*Task objective:* After locating the line that contains "Photo d'une éolienne offshore Siemens" in the data below, set down exactly that line and each one after it through the line that contains "Gas Powered Weed", and nothing more.

*Listed records:*
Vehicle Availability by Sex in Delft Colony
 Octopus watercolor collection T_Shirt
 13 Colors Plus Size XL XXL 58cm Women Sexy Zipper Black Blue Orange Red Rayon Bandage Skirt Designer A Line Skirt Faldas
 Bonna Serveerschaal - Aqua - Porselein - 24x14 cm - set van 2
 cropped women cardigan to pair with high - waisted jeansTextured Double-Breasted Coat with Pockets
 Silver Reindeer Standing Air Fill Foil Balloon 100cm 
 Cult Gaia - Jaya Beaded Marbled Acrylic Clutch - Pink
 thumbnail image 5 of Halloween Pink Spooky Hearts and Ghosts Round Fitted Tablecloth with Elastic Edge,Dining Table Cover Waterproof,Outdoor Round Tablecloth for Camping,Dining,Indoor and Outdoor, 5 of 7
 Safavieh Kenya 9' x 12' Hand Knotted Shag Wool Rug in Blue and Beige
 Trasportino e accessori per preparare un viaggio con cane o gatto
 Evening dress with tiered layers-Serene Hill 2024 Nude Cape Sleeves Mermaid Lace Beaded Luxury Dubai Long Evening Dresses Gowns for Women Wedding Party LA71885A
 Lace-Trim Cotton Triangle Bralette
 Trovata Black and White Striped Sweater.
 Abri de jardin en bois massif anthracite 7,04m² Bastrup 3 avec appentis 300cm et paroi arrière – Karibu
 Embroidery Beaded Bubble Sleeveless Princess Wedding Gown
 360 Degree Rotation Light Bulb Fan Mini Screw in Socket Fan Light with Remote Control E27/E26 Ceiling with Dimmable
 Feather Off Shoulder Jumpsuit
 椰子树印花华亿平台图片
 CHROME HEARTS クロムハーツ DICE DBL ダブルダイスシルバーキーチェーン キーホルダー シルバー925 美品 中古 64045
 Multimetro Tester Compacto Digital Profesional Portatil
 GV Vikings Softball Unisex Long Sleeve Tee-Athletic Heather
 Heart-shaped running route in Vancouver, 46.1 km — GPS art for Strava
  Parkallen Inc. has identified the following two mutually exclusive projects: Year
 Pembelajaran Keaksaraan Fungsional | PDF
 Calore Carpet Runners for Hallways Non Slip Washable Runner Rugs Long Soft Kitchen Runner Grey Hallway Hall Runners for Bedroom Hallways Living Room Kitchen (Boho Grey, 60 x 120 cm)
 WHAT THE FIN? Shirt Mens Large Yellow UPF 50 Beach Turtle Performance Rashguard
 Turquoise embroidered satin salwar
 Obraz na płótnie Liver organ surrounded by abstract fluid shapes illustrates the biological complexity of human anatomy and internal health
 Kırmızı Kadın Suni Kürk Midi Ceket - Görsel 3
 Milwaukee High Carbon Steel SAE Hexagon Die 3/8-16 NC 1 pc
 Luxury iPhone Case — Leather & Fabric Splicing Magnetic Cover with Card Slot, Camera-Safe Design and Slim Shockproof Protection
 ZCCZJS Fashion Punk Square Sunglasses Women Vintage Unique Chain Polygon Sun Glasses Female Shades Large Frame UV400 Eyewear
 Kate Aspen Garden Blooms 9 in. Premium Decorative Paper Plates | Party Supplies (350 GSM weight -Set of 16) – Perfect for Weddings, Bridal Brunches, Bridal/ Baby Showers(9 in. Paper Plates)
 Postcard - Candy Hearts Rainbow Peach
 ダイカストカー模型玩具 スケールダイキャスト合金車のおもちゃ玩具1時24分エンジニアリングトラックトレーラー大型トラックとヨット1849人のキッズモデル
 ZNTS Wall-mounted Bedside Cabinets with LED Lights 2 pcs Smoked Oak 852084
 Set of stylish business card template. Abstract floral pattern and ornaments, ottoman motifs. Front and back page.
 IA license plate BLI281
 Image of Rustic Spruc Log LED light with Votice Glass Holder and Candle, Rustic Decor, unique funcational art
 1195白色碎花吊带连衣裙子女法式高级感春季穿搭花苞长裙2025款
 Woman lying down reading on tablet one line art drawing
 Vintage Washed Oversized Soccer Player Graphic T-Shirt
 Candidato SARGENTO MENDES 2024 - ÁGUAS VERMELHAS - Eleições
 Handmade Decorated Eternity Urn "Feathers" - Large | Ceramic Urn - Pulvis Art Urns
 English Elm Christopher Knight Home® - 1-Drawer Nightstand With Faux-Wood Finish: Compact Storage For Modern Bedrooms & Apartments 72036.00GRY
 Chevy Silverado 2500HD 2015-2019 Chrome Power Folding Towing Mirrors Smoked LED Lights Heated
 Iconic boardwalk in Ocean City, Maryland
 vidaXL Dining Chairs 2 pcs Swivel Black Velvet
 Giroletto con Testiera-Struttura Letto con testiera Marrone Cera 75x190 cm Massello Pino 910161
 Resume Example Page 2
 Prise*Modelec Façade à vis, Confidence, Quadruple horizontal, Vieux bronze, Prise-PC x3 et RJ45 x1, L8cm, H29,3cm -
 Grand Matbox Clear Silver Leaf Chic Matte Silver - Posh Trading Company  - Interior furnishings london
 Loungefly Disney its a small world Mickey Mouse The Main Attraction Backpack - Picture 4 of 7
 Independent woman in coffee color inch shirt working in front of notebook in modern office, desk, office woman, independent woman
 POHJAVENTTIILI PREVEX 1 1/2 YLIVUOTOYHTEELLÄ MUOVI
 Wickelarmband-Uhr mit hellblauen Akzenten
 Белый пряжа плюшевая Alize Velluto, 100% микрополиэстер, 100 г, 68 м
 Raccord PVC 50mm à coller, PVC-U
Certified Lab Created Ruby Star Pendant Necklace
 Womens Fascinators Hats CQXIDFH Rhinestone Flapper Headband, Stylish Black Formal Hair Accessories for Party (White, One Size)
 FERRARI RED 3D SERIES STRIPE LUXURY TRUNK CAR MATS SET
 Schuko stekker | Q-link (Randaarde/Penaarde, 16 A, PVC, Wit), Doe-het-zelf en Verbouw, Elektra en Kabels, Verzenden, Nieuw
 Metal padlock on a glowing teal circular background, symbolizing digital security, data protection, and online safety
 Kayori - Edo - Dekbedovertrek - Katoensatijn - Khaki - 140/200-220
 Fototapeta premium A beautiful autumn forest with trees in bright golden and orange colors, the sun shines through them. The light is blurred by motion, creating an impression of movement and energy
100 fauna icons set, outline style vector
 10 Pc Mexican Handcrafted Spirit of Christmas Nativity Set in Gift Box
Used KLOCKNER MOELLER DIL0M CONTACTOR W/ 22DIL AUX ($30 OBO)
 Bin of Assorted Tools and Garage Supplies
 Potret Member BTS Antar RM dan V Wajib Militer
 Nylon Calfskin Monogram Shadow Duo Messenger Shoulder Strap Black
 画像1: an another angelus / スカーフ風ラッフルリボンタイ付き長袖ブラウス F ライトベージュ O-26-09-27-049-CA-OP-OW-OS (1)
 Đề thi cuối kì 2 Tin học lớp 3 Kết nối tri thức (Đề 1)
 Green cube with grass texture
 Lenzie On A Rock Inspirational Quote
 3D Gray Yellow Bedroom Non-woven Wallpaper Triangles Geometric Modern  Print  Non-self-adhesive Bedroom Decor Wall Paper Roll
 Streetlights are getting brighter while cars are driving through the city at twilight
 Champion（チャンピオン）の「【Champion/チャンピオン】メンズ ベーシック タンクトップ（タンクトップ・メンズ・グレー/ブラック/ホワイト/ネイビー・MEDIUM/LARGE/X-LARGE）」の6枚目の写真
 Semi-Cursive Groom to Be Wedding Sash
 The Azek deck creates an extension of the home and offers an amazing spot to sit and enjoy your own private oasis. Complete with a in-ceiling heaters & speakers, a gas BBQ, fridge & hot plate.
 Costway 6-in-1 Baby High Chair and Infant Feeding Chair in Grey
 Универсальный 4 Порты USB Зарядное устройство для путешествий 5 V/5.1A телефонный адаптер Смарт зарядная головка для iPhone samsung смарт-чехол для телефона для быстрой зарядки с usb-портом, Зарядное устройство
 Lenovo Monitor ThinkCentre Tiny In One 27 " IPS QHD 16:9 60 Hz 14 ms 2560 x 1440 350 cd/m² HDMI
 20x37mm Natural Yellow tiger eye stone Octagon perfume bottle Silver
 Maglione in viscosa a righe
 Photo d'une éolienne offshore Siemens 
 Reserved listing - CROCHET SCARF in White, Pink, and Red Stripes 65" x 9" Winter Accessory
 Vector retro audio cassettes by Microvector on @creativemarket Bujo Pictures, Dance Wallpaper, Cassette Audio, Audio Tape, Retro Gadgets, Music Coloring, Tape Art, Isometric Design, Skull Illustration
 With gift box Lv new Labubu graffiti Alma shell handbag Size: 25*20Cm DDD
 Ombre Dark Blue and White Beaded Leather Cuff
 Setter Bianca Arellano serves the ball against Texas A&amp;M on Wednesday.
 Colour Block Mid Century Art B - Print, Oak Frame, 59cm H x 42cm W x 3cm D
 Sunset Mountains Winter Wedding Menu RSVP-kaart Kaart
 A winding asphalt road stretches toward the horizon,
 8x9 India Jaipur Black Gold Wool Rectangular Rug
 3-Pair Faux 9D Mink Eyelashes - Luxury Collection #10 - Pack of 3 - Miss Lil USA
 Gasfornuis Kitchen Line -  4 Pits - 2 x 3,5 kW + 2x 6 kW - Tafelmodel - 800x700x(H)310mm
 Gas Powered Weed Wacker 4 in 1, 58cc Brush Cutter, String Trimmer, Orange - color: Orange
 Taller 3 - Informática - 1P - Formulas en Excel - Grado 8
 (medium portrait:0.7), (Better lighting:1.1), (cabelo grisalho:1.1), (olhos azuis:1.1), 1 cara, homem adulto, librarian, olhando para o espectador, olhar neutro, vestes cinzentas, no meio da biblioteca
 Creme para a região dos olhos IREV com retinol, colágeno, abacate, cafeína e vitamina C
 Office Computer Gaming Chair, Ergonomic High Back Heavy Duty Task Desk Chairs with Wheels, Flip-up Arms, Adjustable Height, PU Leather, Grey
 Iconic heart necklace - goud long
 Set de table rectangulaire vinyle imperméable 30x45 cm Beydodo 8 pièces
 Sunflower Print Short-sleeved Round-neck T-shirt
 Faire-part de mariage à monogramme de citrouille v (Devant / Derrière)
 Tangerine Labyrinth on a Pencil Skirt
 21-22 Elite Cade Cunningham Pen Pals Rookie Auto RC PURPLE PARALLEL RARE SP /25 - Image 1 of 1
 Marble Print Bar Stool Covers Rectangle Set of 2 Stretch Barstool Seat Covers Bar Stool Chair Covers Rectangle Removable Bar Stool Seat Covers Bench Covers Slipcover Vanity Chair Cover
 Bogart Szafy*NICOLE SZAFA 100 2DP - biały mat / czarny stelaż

*Exercise solution:*
 Photo d'une éolienne offshore Siemens 
 Reserved listing - CROCHET SCARF in White, Pink, and Red Stripes 65" x 9" Winter Accessory
 Vector retro audio cassettes by Microvector on @creativemarket Bujo Pictures, Dance Wallpaper, Cassette Audio, Audio Tape, Retro Gadgets, Music Coloring, Tape Art, Isometric Design, Skull Illustration
 With gift box Lv new Labubu graffiti Alma shell handbag Size: 25*20Cm DDD
 Ombre Dark Blue and White Beaded Leather Cuff
 Setter Bianca Arellano serves the ball against Texas A&amp;M on Wednesday.
 Colour Block Mid Century Art B - Print, Oak Frame, 59cm H x 42cm W x 3cm D
 Sunset Mountains Winter Wedding Menu RSVP-kaart Kaart
 A winding asphalt road stretches toward the horizon,
 8x9 India Jaipur Black Gold Wool Rectangular Rug
 3-Pair Faux 9D Mink Eyelashes - Luxury Collection #10 - Pack of 3 - Miss Lil USA
 Gasfornuis Kitchen Line -  4 Pits - 2 x 3,5 kW + 2x 6 kW - Tafelmodel - 800x700x(H)310mm
 Gas Powered Weed Wacker 4 in 1, 58cc Brush Cutter, String Trimmer, Orange - color: Orange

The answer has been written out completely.